Retroplayer- Tell us a little about your time doing stand up comedy, Chris. Was it something that came natural to you and why did it interest you in the first place?
Chris- It came fairly naturally. As I mentioned, I had tons of experience just performing for family and friends, but I understood that that didn’t necessarily translate to the stage. You have to make strangers laugh to know you belong, and I could do that. I guess I found it interesting to make that connection with people you didn’t know. It’s a powerful thing. Plus, I could meet girls that way, too. A very strong incentive to get good.
Retroplayer- Would you ever consider going back into it?
Chris- I have no plans to do the road again. Ten years was enough for me. But I love performing stand-up around Los Angeles, and love getting together with a few buddies to a special show we call “the men’s club comedy show.” Kind of an updated rat pack, if you will. Doing that show every now and again, along with an occasional guest set around town, is more than enough for me.
Retroplayer- Did it teach you any lessons that helped you better your voice work?
Chris- Absolutely. I always tell other stand-ups that have segued into voice acting that we have one tremendous advantage; a sense of comic timing. We understand the natural rhythms of comedic writing, and so much of what we do in voice-over is comedic. And we’re certainly comfortable around a microphone; not to mention that any job we do that doesn’t involve dealing with drunken hecklers is a veritable cake walk.
Retroplayer- With voice acting, take us through your early experiences of breaking into the industry, Chris. Was it tough to secure roles to help build up your résumé or did you find it relatively easy?

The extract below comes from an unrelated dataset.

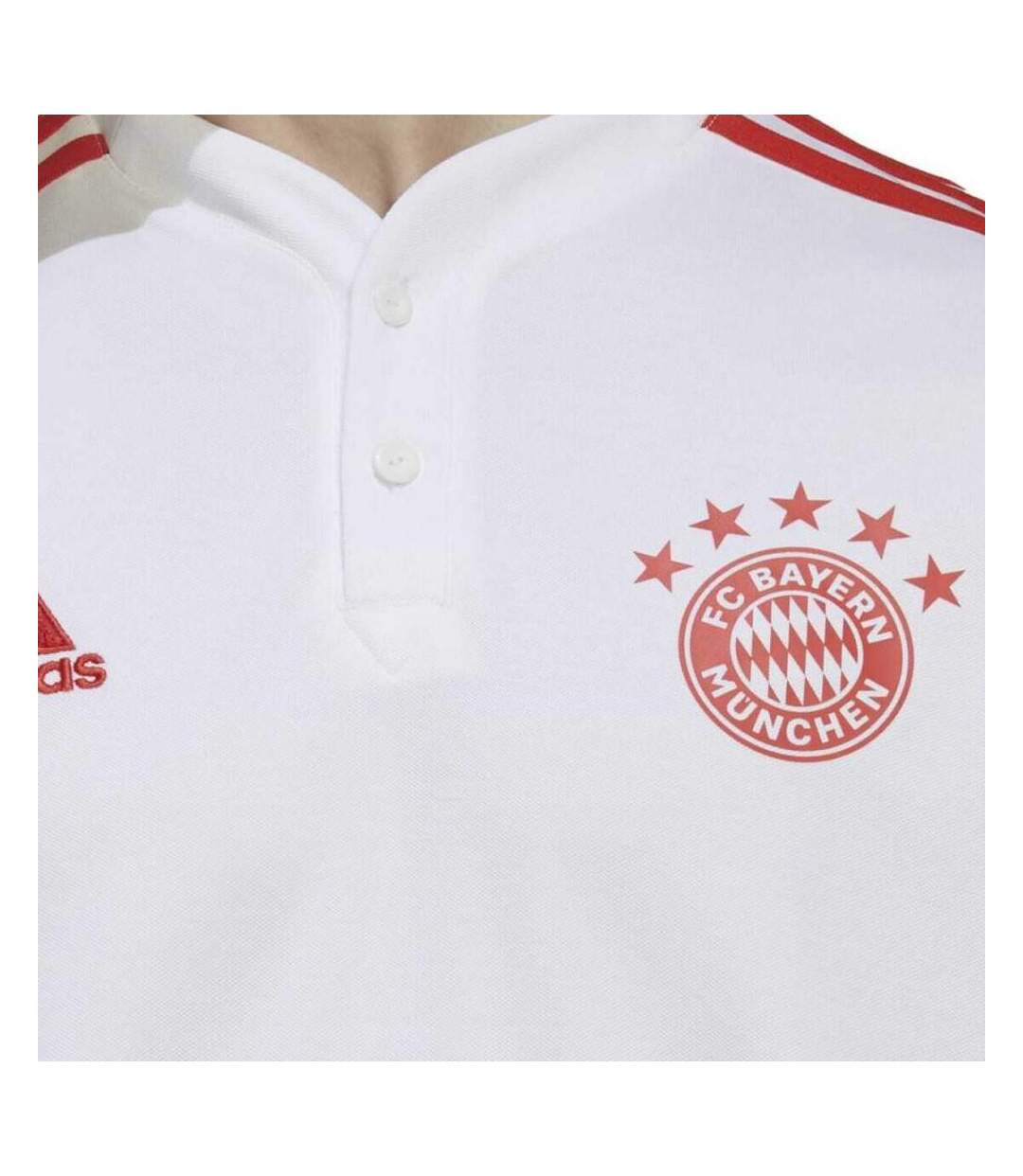 Bayern Munich Polo Blanc Homme Adidas 2022/23 - S-3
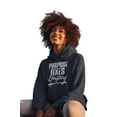 thumbnail image 3 of Purpose Fixes Everything® Unisex Premium Cotton Hoodie,S-2XL, White Letters, 3 of 8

Chris- It took a while for me to really break in. First of all, I was living in Orlando for a few years getting my feet wet with stand-up and acting. I managed to stumble into a few voice over jobs as well, and that training was invaluable. It sure wasn’t to get rich, but I got familiar with soundelux in Orlando, and that led to me booking the role of Spiderman and J. Jonah Jameson on “The Amazing Adventures of Spiderman” ride at Islands of Adventure theme park. That led to more work with Universal once I moved to Los Angeles later that year, and yet it was still three years later before I landed an agent, and that was because the good folks at Universal introduced me to Pat Brady. Pat (and I never tire of saying this) is the reason I have a career. She was at a smaller agency at the time, helped me with my auditions, and reassured me that I was on the right path. Let me tell you, you really need a someone that believes in you when you’re trying to find your way through the wilderness of L.A and she was my biggest fan. Once she moved to a bigger agency, she brought me and some other clients along with her, and things really started to happen for me. So, I’d say by ’02 I was a working voice actor, and by ’03 I was a busy working actor. And it hasn’t let up since – knock on wood. and I also have to say that all the folks at my agency – CESD talent – show unending faith in my abilities, and give me every opportunity I could ask for. And that is crucial.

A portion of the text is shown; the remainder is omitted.